In order to find the eigenvalues of a square matrix $A\text{,}$ we must find the values of $\lambda$ such that the equation

\begin{equation} A \left|v\right> = \lambda \left|v\right>\tag{5.2.1} \end{equation}

admits solutions $\left|v\right>\text{.}$ (The solutions $\left|v\right>$ are eigenvectors of $A\text{,}$ as discussed in the next section.) Rearranging terms, $\left|v\right>$ must satisfy

\begin{equation} (\lambda I-A)\left|v\right> = 0\label{eeq}\tag{5.2.2} \end{equation}

where $I$ denotes the identity matrix (of the same size as $A$). Suppose that the inverse matrix $(\lambda I-A)^{-1}$ exists. Multiplying both sides of (5.2.2) by this inverse would then yield

\begin{equation} (\lambda I-A)^{-1}(\lambda I-A)\left|v\right> = \left|v\right> = 0\tag{5.2.3} \end{equation}

which is not a very interesting solution. So we want $(\lambda I-A)$ not to have an inverse.
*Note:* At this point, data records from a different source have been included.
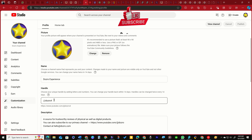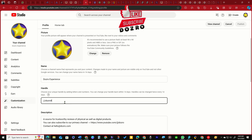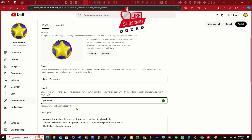Under Handle, you can view or change your handle URL. Click Publish to confirm the change.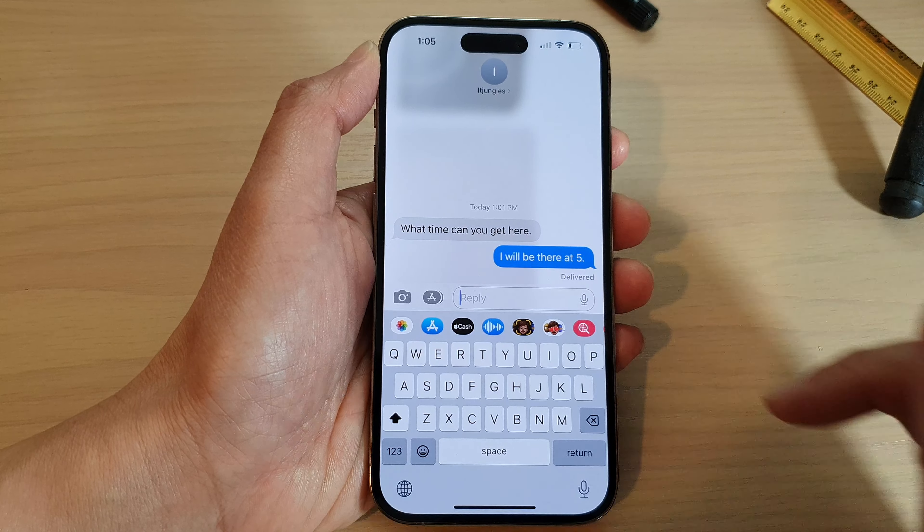Now if you go back to the text message conversation, you can see here I'm responding to that particular text message. So when you are responding, the other person will at least know what text message you are responding to.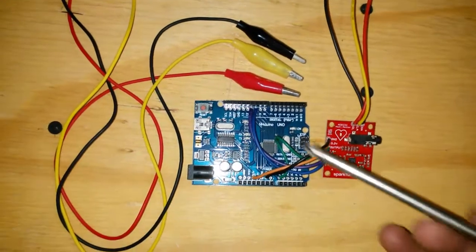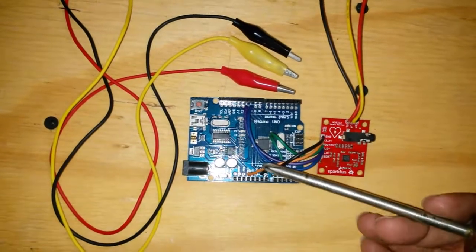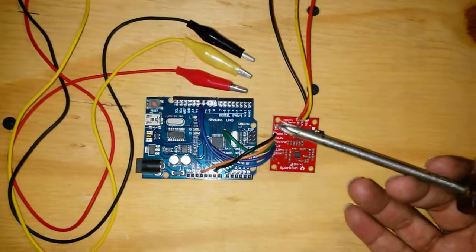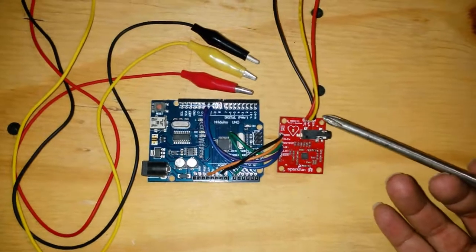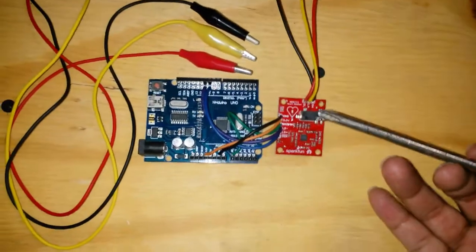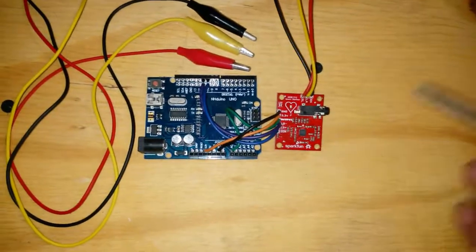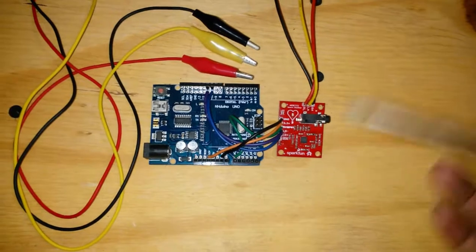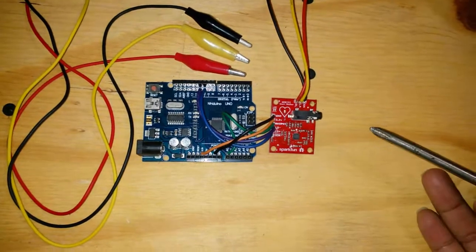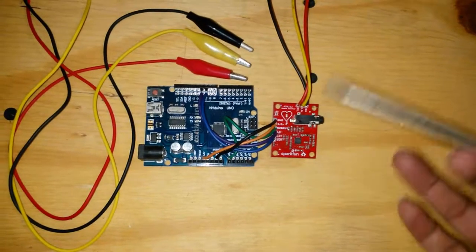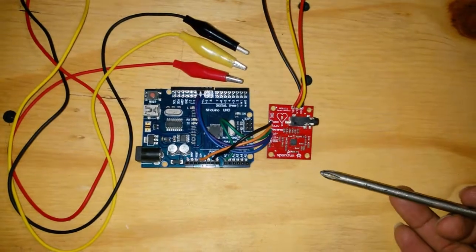And basically, simple Arduino program, simple sketch, and use the processing program. And it works really well. So I was just taking a clip of someone's ECG.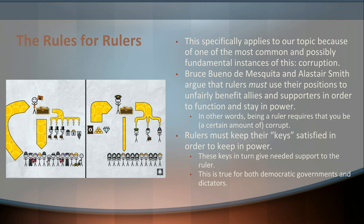De Mesquita and Smith say this is true both in dictatorships and democratic governments. To get anything done, you need to keep key supporters well supplied with resources from the public treasury, ensure they have good positions of authority, and treat them differently than you would if doing everything with integrity. Money and resources can't just be spent directly on the populace. You have to be a certain amount of corrupt. So the question becomes: are political rulers actually required to be corrupt? Is money and influence something that must be bartered and brokered for?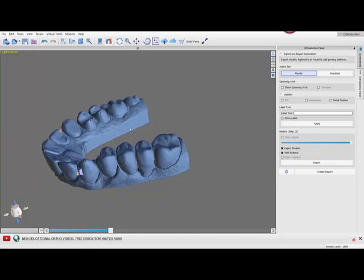First of all, to add the platform you need to be in the orthodontics panel, but at the very last phase where it's export and report generation.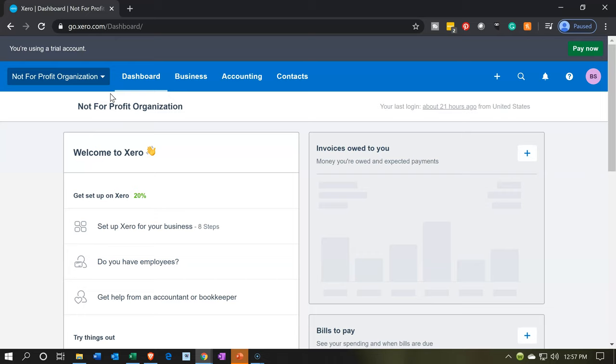Pledge is going to be a little bit different. It's just a promise to pay. We haven't given them anything. We might have given them a pen or something like that because we're the not-for-profit. It's a pledge, a donation for a donation in the future.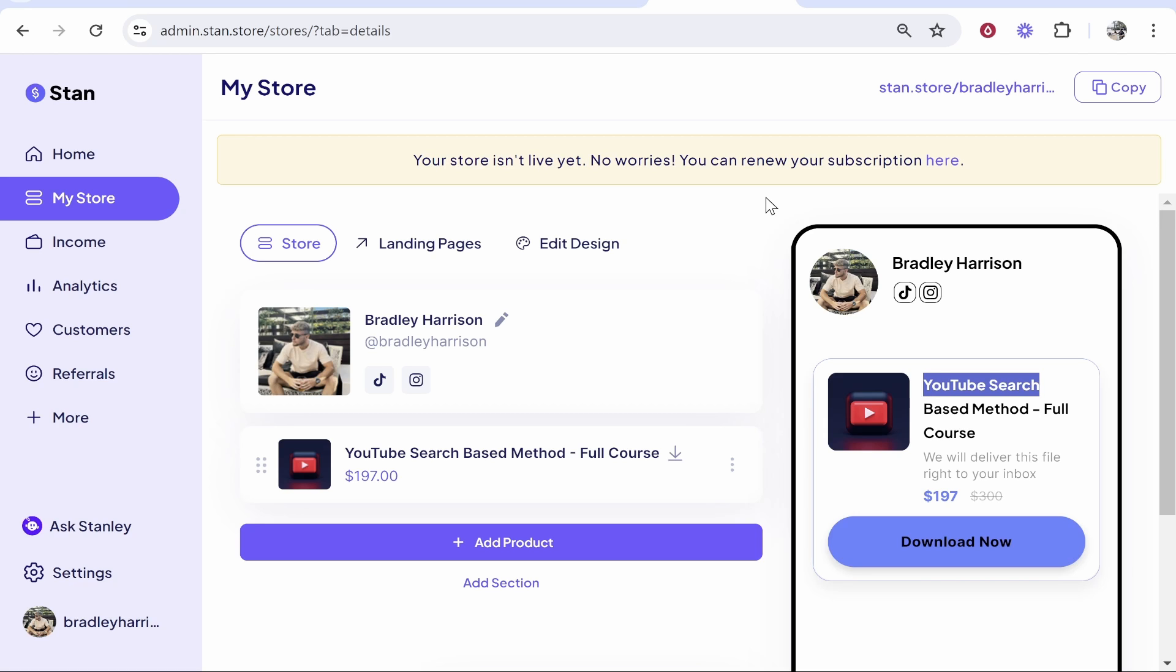In this video I'm going to show you how you can sell digital products on Stan Store. Like all of my other videos, I'm going to walk you through here step by step what you need to do. I'm going to show you how you can get your account set up, then how you can add your payment methods, and then finally how you can add your product and start charging your audience for it.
When does this happen?

Claim: A square matrix $A$ does not have an inverse if and only if $\det A=0\text{.}$

Thus, the eigenvalues of $A$ are the solutions of the equation $\det(\lambda I-A)=0\text{.}$

Example

Suppose $A=\begin{pmatrix}1\amp 2\\9\amp 4 \end{pmatrix}\text{.}$ Then we must solve

\begin{equation} 0 = |\lambda I-A| = \begin{vmatrix}1\amp 2\\9\amp 4 \end{vmatrix} = (\lambda-1)(\lambda-4)-18\tag{5.2.4} \end{equation}

or equivalently

\begin{equation} 0 = \lambda^2 - 5\lambda -14 = (\lambda-7)(\lambda+2)\text{,}\tag{5.2.5} \end{equation}

and the eigenvalues in this case are $\lambda=7$ and $\lambda=-2\text{.}$

In general, this computation always yields a polynomial equation in $\lambda\text{,}$ which is of order $n$ if $A$ is an $n\times n$ matrix. Thus, we expect $n$ eigenvalues, which however might not be distinct. Furthermore, not all of the eigenvalues will be real!